Welche Herausforderungen gibt es in der Kommunikation mit den Spielern und den Eltern?
Es kommt vor, dass sich spätentwickelte Spieler teilweise degradiert fühlen, wenn sie in eine Mannschaft mit Spielern aus einem jüngeren Jahrgang eingeteilt werden. Die Einteilung in die jüngere Kohorte wird mit einer schlechten sportlichen Bewertung assoziiert. Das stimmt allerdings nicht und hat nichts damit zu tun, dass wir mit der Leistung der Spätentwickler unzufrieden sind. Die Unzufriedenheit der Spieler wird an die Eltern weitergegeben, die anschließend ihre Beschwerden äußern. Hier ist es besonders wichtig, sowohl Spieler als auch Eltern über die zuvor erläuterten Vorteile aufzuklären. Es muss klar gemacht werden, warum diese Maßnahme individuell für den Spieler gut ist, um Akzeptanz zu schaffen. Wir versuchen, die Erziehungsberechtigten über Elternabende abzuholen, und führen zusätzlich individuelle Gespräche, wenn weiterer Klärungsbedarf besteht.

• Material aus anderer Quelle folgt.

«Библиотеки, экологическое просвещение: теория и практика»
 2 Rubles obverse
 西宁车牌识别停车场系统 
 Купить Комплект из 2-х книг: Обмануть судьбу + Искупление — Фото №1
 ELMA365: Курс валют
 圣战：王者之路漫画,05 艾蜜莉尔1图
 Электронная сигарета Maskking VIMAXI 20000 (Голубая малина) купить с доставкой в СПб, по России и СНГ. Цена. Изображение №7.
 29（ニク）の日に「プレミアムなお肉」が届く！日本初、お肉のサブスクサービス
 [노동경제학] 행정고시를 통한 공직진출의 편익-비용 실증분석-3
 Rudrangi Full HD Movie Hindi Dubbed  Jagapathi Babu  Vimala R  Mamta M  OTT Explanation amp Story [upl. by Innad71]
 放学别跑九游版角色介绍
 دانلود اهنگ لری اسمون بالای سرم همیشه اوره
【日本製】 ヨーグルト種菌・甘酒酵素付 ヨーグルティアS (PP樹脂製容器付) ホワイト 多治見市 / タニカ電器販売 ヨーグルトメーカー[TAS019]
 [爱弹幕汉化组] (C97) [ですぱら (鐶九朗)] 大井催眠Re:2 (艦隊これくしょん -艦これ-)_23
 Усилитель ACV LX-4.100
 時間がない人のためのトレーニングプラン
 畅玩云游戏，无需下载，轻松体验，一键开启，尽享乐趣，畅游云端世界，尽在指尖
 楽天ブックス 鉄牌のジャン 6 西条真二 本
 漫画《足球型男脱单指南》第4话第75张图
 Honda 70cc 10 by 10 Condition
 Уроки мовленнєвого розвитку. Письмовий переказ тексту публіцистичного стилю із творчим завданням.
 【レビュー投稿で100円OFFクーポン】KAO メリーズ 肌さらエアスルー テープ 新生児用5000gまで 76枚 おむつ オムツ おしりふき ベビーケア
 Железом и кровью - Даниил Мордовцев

Inwiefern stärkt das Bio-Banding die individualisierte Ausbildung des Nachwuchsleistungszentrums?
Im Nachwuchssport ist der Reifeprozess der Spieler mit das Essenziellste. Das heißt, wenn wir individueller auf den Reifestatus eingehen können, haben wir die Möglichkeit, den Spieler wirklich optimal zu fördern. Wir müssen schauen, dass wir den Spieler nicht unter-, aber auch nicht überfordern. Das Bio-Banding ist hierbei von großem Nutzen und stellt ein wichtiges Werkzeug zur individuellen Förderung unserer Spieler dar.
Glaubst du, dass Bio-Banding langfristig die Struktur des Nachwuchsleistungsfußballs verändern wird?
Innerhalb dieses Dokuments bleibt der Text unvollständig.